Tatti, E., Goyer, C., Zebarth, B.J., Burton, D.L., Giovannetti, L., et Viti, C. (2013). « Short-term effects of mineral and organic fertilizer on denitrifiers, nitrous oxide emissions and denitrification in long-term amended vineyard soils. », Soil Science Society of America Journal, 77(1), p. 113-122. doi : 10.2136/sssaj2012.0096  Accès au texte intégral (en anglais seulement)

Résumé

Dans le cadre de la présente étude, nous avons examiné les effets à court terme (c.‑à‑d. 21 jours) de l’épandage sur une longue période (c.‑à‑d. des épandages pendant 8 ans) d’engrais minéraux ou biologiques sur l’abondance des communautés dénitrifiantes, le nombre de transcrits d’ARNm des gènes de dénitrification, le taux de dénitrification et les émissions de N2O. Des échantillons de sol ont été recueillis dans un vignoble en Italie, où on épand annuellement de l’engrais minéral (système d’exploitation classique, SC) ou du compost municipal (système d’exploitation biologique, SB).

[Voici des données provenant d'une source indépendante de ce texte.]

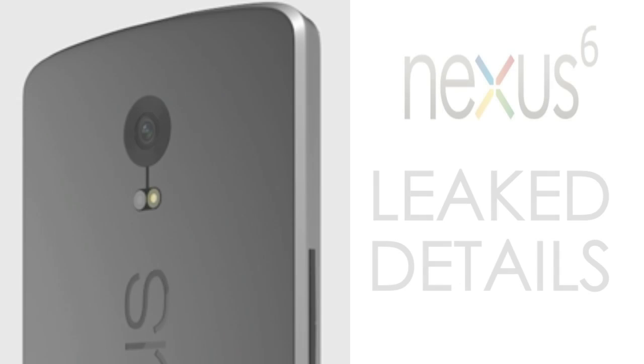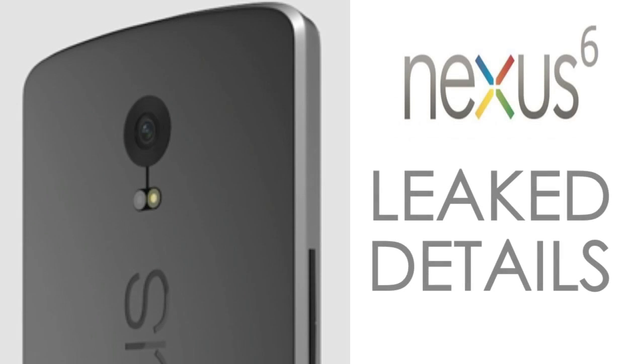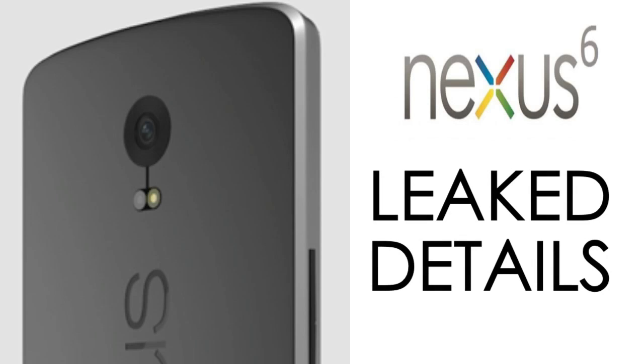Hey guys, this video is about the specs and features of the Nexus 6, also known as the Mortal Kombat Shaman, which has been leaked. This Nexus 6 has been leaking around for about a week now, and some more specs have been leaked again on the GFX benchmark database.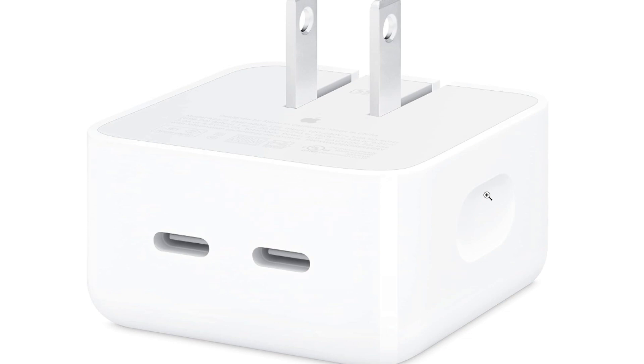When using this power adapter, it's important to use appropriate USB-C cables for charging your specific devices. Additionally, check for compatibility with your devices to ensure optimal charging performance. As with any Apple accessory, it's advisable to stay updated on compatibility and any relevant software updates.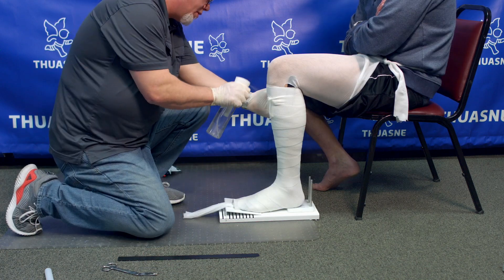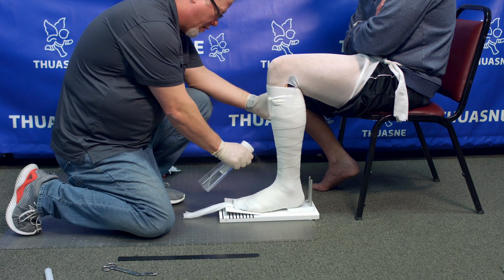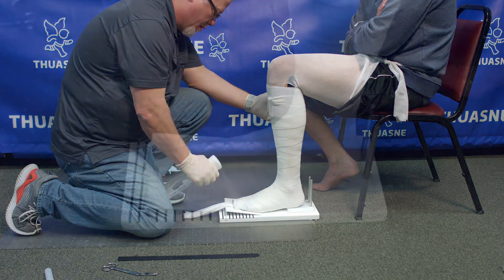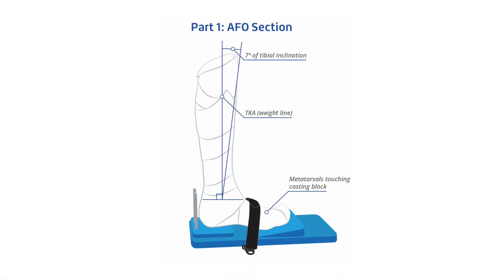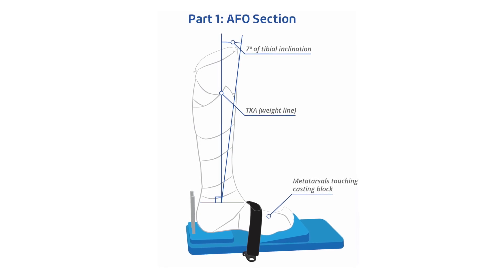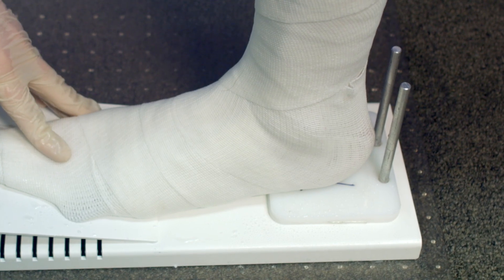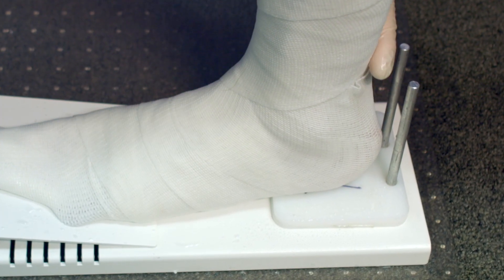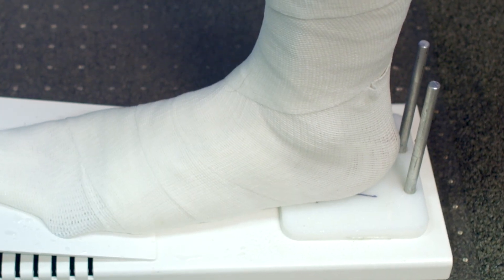Once you have finished applying the fiberglass, start generously spraying the entire surface of the cast with a water spray bottle. Place the patient in the correct position: metatarsal touching the casting block, 7 degrees of tibial inclination, neutral sagittal and coronal alignment. You can use the poles of the casting block as a reference for correct position, but be sure the heel does not touch the poles of the casting block.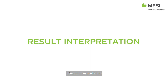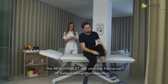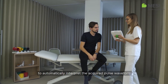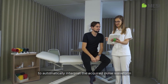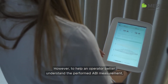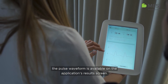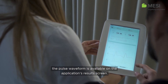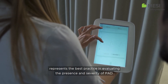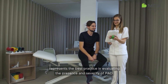Result Interpretation. The Macy M-Tablet ABI uses the PAD Sense Pattern Recognition Algorithm to automatically interpret the acquired pulse waveform and calculate the ABI result. However, to help an operator better understand the performed ABI measurement, the pulse waveform is available on the application's results screen. Combining both the ABI result and pulse waveform represents the best practice in evaluating the presence and severity of PAD.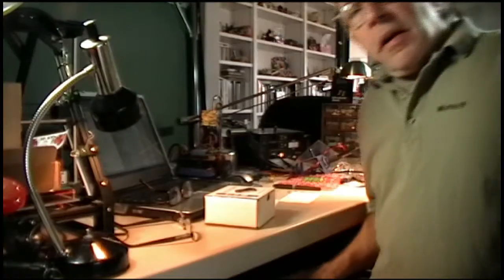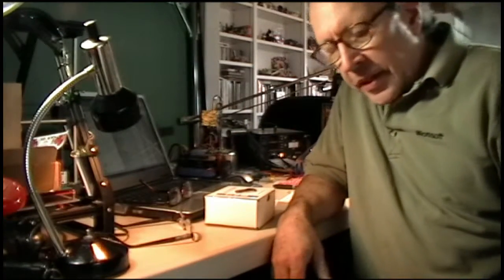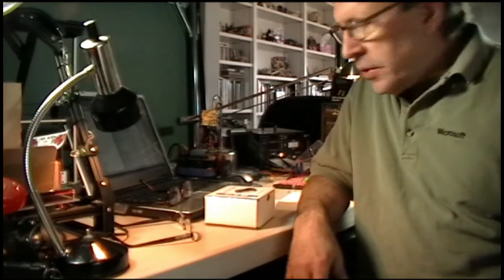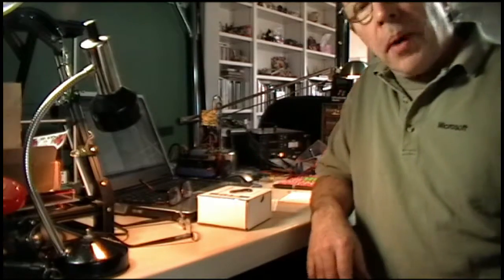I'm Brian Weisbrod of the Techroom Robotics Club, and this is my version of the Zumobot unboxing.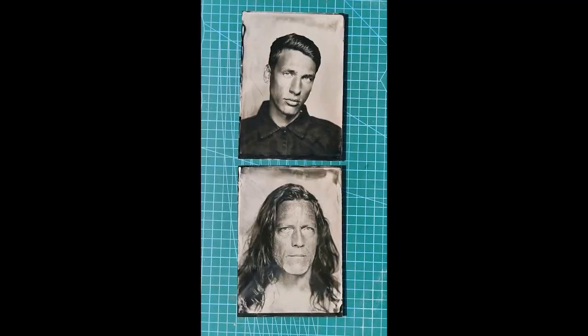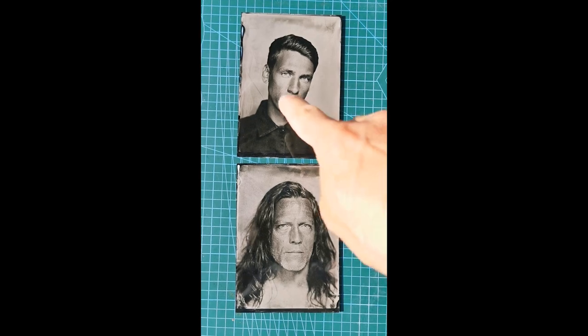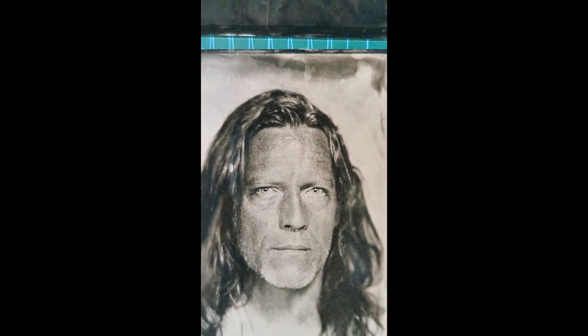What's the difference between these two plates? I'm not talking about the age difference, I'm talking about the contrast. You see this one has better contrast than this one. Just look at the shadow around the nose — it's a big difference.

Chaque échantillon a été incubé selon trois traitements : aucun amendement du sol, ajout de NH4NO3 et ajout de compost municipal. Les microcosmes présents dans le sol traité avec du compost comprenaient une plus forte abondance de bactéries porteuses des gènes nirS, nirK et nosZ comparativement au sol traité avec de l’engrais classique. Avec le temps, l’ajout de compost à court terme accroît l’abondance de bactéries porteuses du gène nirK dans les sols où l’on utilise un SC et un SB, alors que l’abondance de bactéries porteuses des gènes nirS et nosZ a seulement augmenté après l’ajout de compost sur le sol où l’on a recours à un SB. Pour tous les traitements, le nombre de transcrits d’ARNm du gène nosZ était à tous les moments plus élevé dans le sol exploité de façon biologique que dans le sol exploité de façon classique. De plus, le nombre de transcrits d’ARNm du gène nosZ a augmenté au fil du temps après l’épandage de compost sur les sols où l’on utilise un SC et un SB, et les émissions de N2O provenant des deux types de sol étaient plus élevées dans les échantillons auxquels a été ajouté du NH4NO3 que dans les échantillons non traités et ceux qui ont reçu un ajout de compost. Après un traitement de NH4NO3, la dénitrification était plus élevée dans le sol où l’on utilise un SB que dans celui où l’on utilise un SC. Dans tous les cas, les taux de dénitrification étaient beaucoup plus élevés que les concentrations de N2O, ce qui suggère que la plupart des émissions sont sous forme de N2. Dans le présent article, nous montrons que l’épandage à long terme de compost de déchets urbains a clairement modifié les communautés de bactéries dénitrifiantes ainsi que la réponse de la dénitrification et des émissions de N2O aux différents amendements du sol à court terme.